Mezz, it doesnt really matter how many marks you have in the complete level, but how many marks are visible at one time. I find it crappy if one shoots at a wall in one section of a level, and in a completely different section other marks disappear because of a level-wide maximum. Well, i guess it’s a matter of taste.

No! sorry, I didn’t mean wipe them out as in delete them - I meant not send them down the rendering pipeline because they weren’t visible, my apologies for not making that clearer.
I have big problems about how to efficiently selectively render marks on walls, based on viewing location - especially when you have a few thousand to choose from.
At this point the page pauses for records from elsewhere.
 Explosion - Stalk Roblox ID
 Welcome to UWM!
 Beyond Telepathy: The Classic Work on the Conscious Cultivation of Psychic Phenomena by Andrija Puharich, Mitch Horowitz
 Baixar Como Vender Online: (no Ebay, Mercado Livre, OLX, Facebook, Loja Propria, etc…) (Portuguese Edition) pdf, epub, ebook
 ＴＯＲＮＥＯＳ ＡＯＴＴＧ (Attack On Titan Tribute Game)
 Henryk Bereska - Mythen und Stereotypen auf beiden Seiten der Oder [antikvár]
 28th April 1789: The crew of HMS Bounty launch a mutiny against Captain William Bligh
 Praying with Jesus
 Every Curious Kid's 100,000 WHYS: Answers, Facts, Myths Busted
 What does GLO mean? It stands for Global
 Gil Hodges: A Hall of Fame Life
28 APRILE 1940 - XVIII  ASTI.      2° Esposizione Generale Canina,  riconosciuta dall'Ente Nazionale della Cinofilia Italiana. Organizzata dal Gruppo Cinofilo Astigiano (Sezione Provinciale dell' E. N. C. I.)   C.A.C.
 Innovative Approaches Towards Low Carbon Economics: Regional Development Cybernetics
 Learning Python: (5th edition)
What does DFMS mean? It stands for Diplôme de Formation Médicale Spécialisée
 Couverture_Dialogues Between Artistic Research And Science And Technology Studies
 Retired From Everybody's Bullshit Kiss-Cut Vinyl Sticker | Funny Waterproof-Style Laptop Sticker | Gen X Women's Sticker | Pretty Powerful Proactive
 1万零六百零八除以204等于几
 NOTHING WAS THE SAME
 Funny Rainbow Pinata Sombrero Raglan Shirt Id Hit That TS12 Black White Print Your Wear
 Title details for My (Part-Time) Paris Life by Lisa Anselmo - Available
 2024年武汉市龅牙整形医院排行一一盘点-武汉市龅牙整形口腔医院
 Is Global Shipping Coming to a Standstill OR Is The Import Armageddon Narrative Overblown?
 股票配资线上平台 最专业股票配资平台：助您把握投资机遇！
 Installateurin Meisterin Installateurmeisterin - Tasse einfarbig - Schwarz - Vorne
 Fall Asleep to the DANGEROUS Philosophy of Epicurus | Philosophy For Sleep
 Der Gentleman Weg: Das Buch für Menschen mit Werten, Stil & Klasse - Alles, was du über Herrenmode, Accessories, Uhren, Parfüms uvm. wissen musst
That’s why I guessed about culling them out with other parts of the BSP.

-Mezz

  1. The snow accumulates only on the road.

2)The “collision” with the ground aren’t exact: the position where the white dots are created are random, and do not depend on where the snow particules did fall.

  1. The road texture seems to be updated from time to time. Maybe they start displaying a blended texture adding smoothly some new dots, and after they mix it with the road texture. As the texture is not updated that often (something like every couple of seconds, if I remember well), this does not create noticable stall in the fps.